KDFB

„Wir müssen zu den Symptomen gehen“

Peter Niedergesäß, Christiane Fröhlich, Norbert Arntz (v.lks.)

Die Arbeitsgemeinschaft katholischer Organisationen und Verbände Diözese Rottenburg-Stuttgart (ako) forderte auf ihrer Jahrestagung am 13./14. Januar 2017 eine Veränderung des politischen Handelns: Der Vorsitzende Peter Niedergesäss sagte: „Deutschland trägt eine Mitverantwortung dafür, dass Menschen fliehen müssen. Deshalb braucht es neben den konkreten Hilfsprojekten der Verbände, die Fluchtursachen bekämpfen, politische Maßnahmen, die notwendige strukturelle Änderungen herbei führen.“ Peter Niedergesäss nannte insbesondere die Zunahme der Rüstungsexporte, den Beitrag zur Verschlechterung des Klimas und Handelsverträge zuungunsten des Globalen Südens als Beispiele der Mitverantwortung.


Die Friedens- und Konfliktforscherin Dr.
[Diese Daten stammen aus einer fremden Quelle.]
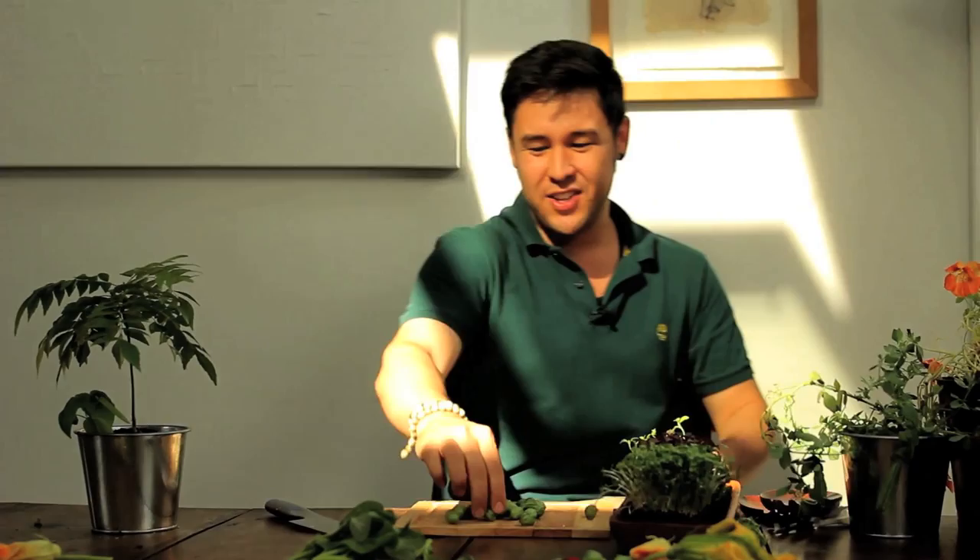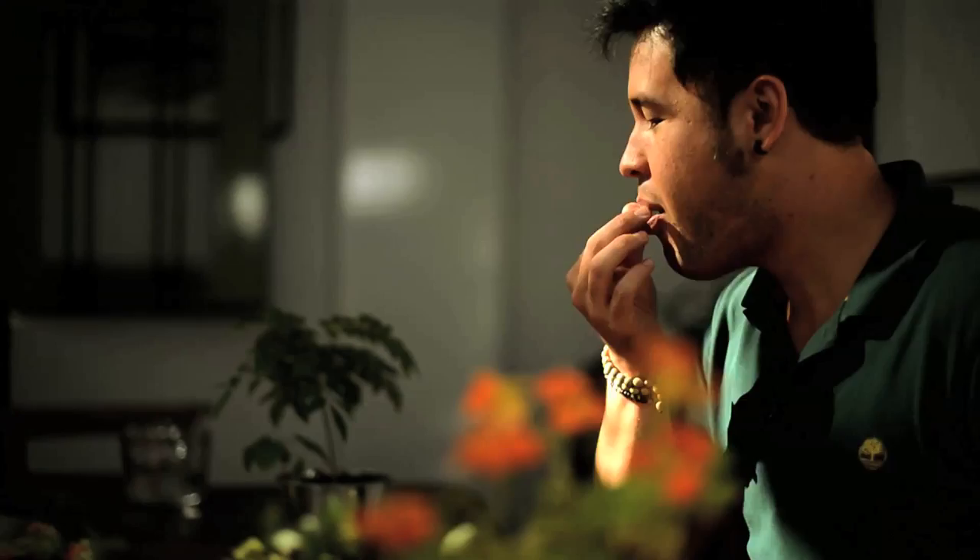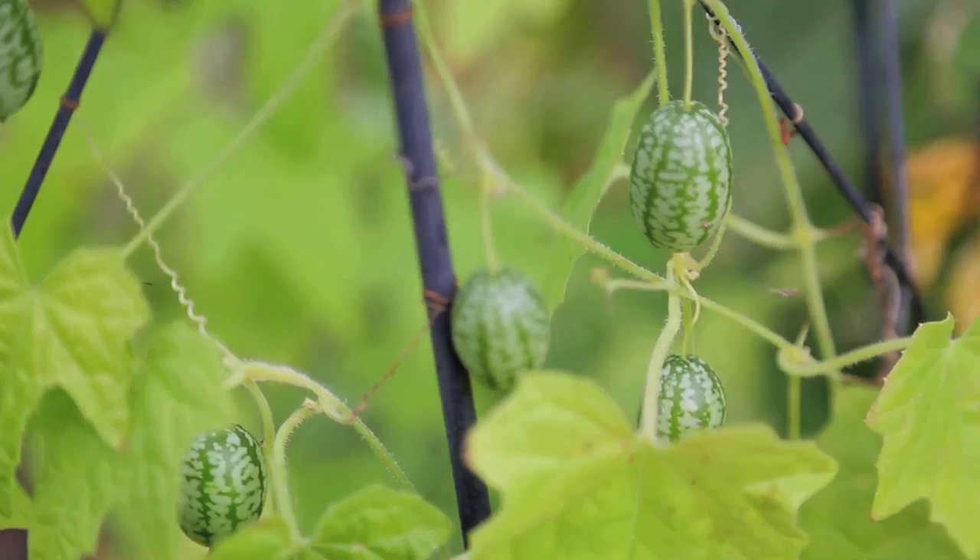There's always been this special place in my heart for cucamelons. They're these dolls house sized watermelons that taste of pure cucumber with this tinge of lime. Seriously amazing, straight off the vine.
Christiane Fröhlich (Uni Hamburg) wies darauf hin, dass 90 Prozent der Flüchtlinge weltweit in Entwicklungsländern leben. In Syrien sei über die Hälfte der Bevölkerung vertrieben worden, nur fünf Prozent davon sei aber bislang im Westen angekommen. Fröhlich kritisierte, dass stets nur diejenigen wahrgenommen würden, die flüchten können. Viel wichtiger sei es dagegen, diejenigen in den Blick zu nehmen, die keine Möglichkeit haben, ihre Situation zu verändern. Migration sei nicht einfach: es brauche u.a. sehr viel Geld, um überhaupt fliehen zu können.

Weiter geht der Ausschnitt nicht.